Her hafta sizin için zaman ayırmanız gereken bir albümü tanıtıyoruz. Bu haftaki albüm Little Simz'in GREY Area albümüdür.
Ergenlik yıllarını kapsayan geniş bir çerçevede, Simbi Ajikawo (bilinen adıyla Little Simz), bitmek bilmeyen üretici yaratıcılığıyla ve bağımsızlığa olan güçlü bağlılığıyla hip-hop'un derinliklerinde kendine özgü bir niş kazandı. Festival maratonunu tamamladı — ve iki festivalini kendi düzenledi — ve geniş kapsamlı turlara çıktı, en büyük görünürlüğünü Gorillaz'a açılış performansıyla elde etti, Humanz'ın lüks baskısındaki “Garage Palace” parçasında yer aldıktan sonra. Pek çok kendini kadın olarak tanımlayan ve onun kalibresindeki MC'ler gibi, Londra'daki evinde ve genel olarak Birleşik Krallık'ta büyük bir üne kavuştu, ana akım konuşmanın altında yüzerken bile, yüksek kaliteli çalışmalarına rağmen. Tüm seyahatleri ve çabaları için, anlatısının kontrolünü sıkıca elinde tuttu ancak oyun — ve iş — aynı kaldı: mücadele. (Simz'in kendi yolundaki cinsiyet ayrımını nasıl yönettiği hakkında daha fazla bilgi için, 2017 röportajımıza göz atın.)

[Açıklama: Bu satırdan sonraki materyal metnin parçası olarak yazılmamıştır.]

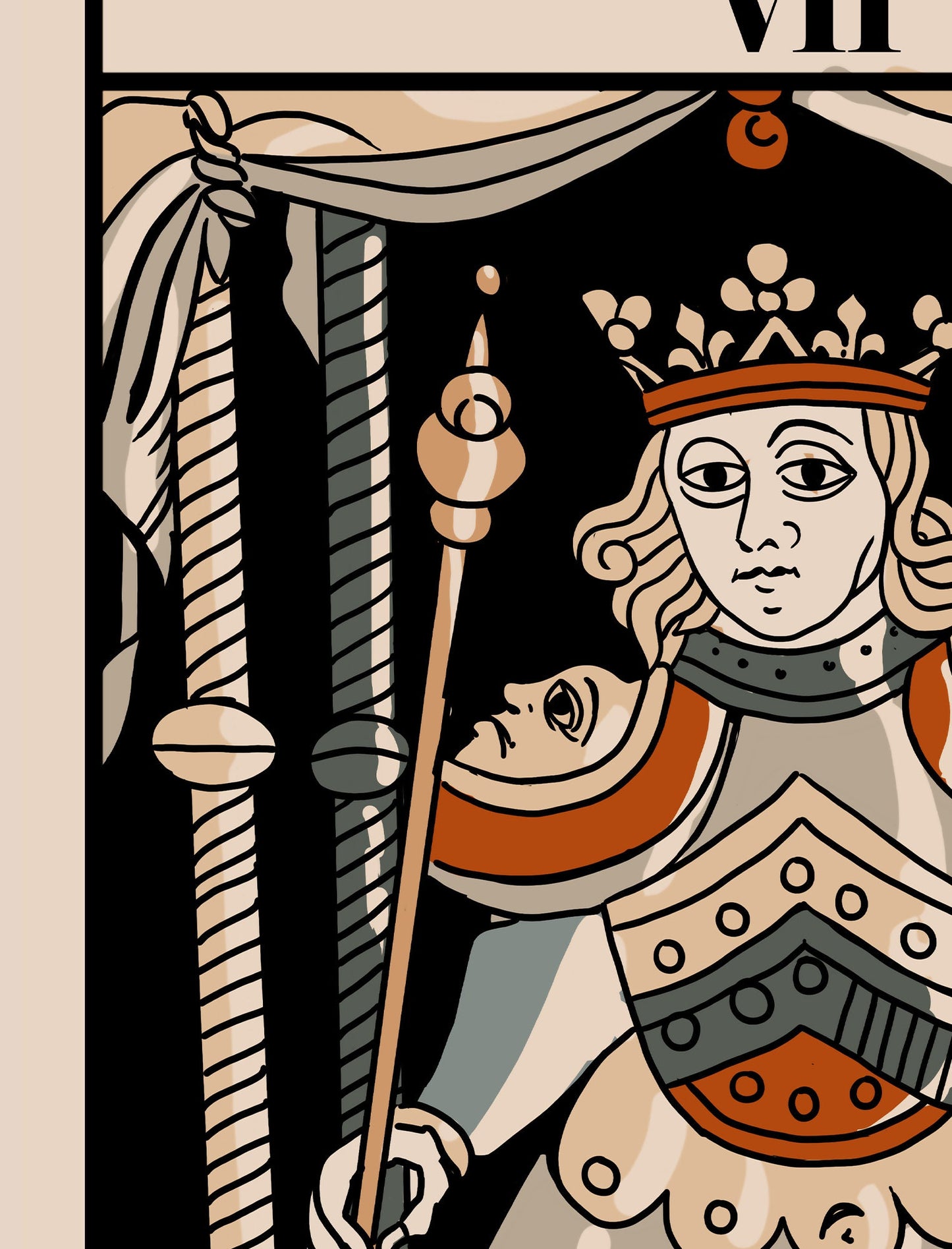 The Chariot- Tarot de Marseille Card Print - The Chariot Card Poster, No Frame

Bu bitkin bir anlatı ve Little Simz bu durumdan belirgin şekilde yorulmuş. Stillness in Wonderland albümünden iki yıl sonra — rüyalar ve vizyon yolculukları ve beyaz tavşanlarla ilgili bir konsept albüm — Simz'in GREY Area albümü, önceki çalışmalarına hızlı bir 180 değil, sahip olduğu tüm silahların tam anlamıyla gerçekleştirilmiş bir yükselişi olarak geliyor. Dilinde yeni bir hırlama var, kalbinde Wonderland kapandıktan sonra yeni bir ağırlık; açıkça, hayat yolculukları bu kelimelerde yeni bir ev bulmuş, dünyaya açılmış. Uzun zamandır arkadaşı Inflo'nun prodüksiyonuyla, müzik çetin bir enstrümantal ile yörüngeye çarpıyor, sektörel standartları sarsarken Simz'in her zaman elektrik dolu varlığına göz kamaştırıcı yeni bir ışık getiriyor. Inflo, Simz'in ses evrenlerini nasıl inşa ettiğini sezgisel olarak büyütüyor ve dalgalı bir alana dönüşü kolaylaştırıyor, tam olarak onun yapısını koruyarak. “Offence”in açılış iki parçası “Boss”a dönüşürken, Simz veteren olduğunu gösteriyor, davulların üzerinde zaferlerini ve direncini yayarak böbürleniyor. Sanki düşmanlarına tükürmek üzereymiş gibi, kendiliğinden iddialı ve itiraflarla dolu bir parçanın tonunu ayarlıyor.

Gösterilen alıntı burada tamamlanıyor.